Statistical efficiency of structured cpd estimation applied to Wiener-Hammerstein modeling

TL;DR

This paper investigates the statistical efficiency of structured CPD estimators for Wiener-Hammerstein system identification, deriving the CRB and evaluating estimator performance through simulations.

Contribution

It introduces specialized estimators for structured CPD in Wiener-Hammerstein models and derives the CRB for their performance analysis.

Findings

The derived CRB provides a benchmark for estimator performance.

Monte Carlo simulations show the estimators approach the CRB under certain conditions.

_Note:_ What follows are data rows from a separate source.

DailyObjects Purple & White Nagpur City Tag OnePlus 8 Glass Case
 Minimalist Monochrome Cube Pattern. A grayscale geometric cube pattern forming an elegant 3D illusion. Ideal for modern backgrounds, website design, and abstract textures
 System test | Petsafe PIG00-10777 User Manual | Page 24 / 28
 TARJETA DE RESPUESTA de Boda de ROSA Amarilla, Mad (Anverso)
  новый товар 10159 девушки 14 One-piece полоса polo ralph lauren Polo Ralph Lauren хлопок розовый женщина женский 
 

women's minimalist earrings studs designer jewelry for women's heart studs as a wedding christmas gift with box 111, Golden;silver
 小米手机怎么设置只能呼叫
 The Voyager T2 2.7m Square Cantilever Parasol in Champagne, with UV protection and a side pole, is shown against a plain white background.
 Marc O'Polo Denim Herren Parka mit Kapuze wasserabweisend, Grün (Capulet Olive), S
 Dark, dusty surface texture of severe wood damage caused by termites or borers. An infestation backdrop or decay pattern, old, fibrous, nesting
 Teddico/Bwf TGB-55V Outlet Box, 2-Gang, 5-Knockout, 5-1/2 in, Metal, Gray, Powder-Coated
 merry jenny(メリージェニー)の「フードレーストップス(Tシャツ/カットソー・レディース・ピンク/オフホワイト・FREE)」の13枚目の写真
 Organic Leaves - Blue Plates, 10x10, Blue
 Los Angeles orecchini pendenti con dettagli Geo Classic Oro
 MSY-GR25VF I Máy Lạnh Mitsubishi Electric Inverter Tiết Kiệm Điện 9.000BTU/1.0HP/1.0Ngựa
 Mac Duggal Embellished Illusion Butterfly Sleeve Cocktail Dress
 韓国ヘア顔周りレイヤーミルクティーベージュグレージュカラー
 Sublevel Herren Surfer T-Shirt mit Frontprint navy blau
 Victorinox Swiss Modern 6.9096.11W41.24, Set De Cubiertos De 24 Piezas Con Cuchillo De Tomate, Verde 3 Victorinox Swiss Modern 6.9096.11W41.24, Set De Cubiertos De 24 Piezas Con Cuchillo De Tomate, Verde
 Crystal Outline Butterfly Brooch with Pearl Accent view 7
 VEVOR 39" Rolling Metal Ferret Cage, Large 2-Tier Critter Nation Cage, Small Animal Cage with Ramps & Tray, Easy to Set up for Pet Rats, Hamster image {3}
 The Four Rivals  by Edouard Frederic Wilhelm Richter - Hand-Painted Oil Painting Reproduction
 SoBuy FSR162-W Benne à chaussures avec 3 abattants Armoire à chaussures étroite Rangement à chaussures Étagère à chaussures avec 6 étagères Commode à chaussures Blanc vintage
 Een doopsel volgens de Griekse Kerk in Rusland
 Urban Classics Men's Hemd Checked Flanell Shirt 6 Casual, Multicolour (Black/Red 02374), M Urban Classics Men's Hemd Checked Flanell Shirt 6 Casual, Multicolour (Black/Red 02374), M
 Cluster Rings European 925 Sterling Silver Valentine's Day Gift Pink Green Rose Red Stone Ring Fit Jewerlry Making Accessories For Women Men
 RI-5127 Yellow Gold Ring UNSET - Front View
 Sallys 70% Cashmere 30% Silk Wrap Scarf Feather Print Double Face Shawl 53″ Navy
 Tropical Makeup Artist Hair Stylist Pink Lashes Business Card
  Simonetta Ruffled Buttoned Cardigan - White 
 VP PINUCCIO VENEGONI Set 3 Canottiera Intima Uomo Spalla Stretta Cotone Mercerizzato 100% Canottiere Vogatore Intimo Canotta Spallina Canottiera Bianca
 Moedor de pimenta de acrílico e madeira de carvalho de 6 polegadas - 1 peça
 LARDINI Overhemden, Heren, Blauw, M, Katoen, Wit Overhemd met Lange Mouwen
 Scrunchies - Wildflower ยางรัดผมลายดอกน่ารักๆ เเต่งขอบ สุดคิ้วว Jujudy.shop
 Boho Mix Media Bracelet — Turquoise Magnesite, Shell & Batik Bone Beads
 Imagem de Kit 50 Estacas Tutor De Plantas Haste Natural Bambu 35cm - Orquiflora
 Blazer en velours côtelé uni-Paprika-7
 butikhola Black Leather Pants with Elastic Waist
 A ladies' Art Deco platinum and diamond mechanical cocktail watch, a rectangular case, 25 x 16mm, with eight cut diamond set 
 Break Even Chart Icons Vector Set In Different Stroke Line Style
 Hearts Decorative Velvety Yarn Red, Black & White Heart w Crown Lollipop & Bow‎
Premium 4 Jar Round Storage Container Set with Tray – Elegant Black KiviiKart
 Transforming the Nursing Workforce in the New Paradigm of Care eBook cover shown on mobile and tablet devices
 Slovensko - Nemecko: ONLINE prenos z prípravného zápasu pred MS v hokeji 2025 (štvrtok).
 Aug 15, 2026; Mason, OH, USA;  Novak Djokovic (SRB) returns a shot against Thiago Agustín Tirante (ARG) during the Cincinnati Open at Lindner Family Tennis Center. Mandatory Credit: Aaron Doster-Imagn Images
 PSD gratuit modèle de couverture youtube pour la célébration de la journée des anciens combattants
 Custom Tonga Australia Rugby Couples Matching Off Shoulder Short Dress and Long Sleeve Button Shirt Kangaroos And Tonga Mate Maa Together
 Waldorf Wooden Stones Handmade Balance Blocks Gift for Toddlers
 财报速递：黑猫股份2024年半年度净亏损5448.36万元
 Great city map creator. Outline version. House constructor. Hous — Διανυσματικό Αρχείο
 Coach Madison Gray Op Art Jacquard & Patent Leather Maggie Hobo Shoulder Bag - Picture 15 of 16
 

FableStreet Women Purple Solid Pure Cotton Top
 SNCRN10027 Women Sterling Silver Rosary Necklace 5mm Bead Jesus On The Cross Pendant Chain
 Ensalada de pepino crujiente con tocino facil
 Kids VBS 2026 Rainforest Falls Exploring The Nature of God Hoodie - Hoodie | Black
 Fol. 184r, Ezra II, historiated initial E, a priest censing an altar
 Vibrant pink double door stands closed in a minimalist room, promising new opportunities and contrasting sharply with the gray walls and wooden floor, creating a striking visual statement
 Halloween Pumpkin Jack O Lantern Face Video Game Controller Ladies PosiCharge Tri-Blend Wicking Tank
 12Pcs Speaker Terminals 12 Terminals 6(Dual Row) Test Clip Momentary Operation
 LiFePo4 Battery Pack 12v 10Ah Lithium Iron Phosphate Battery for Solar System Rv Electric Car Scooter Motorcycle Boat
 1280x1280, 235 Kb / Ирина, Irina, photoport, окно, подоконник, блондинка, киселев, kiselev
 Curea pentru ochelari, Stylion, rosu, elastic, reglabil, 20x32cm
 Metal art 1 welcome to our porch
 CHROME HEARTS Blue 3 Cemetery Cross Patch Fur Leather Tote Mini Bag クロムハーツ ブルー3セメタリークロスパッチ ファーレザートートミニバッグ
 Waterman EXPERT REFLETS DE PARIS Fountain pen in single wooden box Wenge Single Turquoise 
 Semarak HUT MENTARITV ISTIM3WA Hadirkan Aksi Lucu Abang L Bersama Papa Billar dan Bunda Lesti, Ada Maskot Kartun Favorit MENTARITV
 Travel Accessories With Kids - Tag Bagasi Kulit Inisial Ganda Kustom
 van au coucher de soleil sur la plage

The approach effectively captures the statistical properties of the estimation process.

Abstract

The computation of a structured canonical polyadic decomposition (CPD) is useful to address several important modeling problems in real-world applications. In this paper, we consider the identification of a nonlinear system by means of a Wiener-Hammerstein model, assuming a high-order Volterra kernel of that system has been previously estimated. Such a kernel, viewed as a tensor, admits a CPD with banded circulant factors which comprise the model parameters. To estimate them, we formulate specialized estimators based on recently proposed algorithms for the computation of structured CPDs. Then, considering the presence of additive white Gaussian noise, we derive a closed-form expression for the Cramer-Rao bound (CRB) associated with this estimation problem. Finally, we assess the statistical performance of the proposed estimators via Monte Carlo simulations, by comparing their mean-square error with the CRB.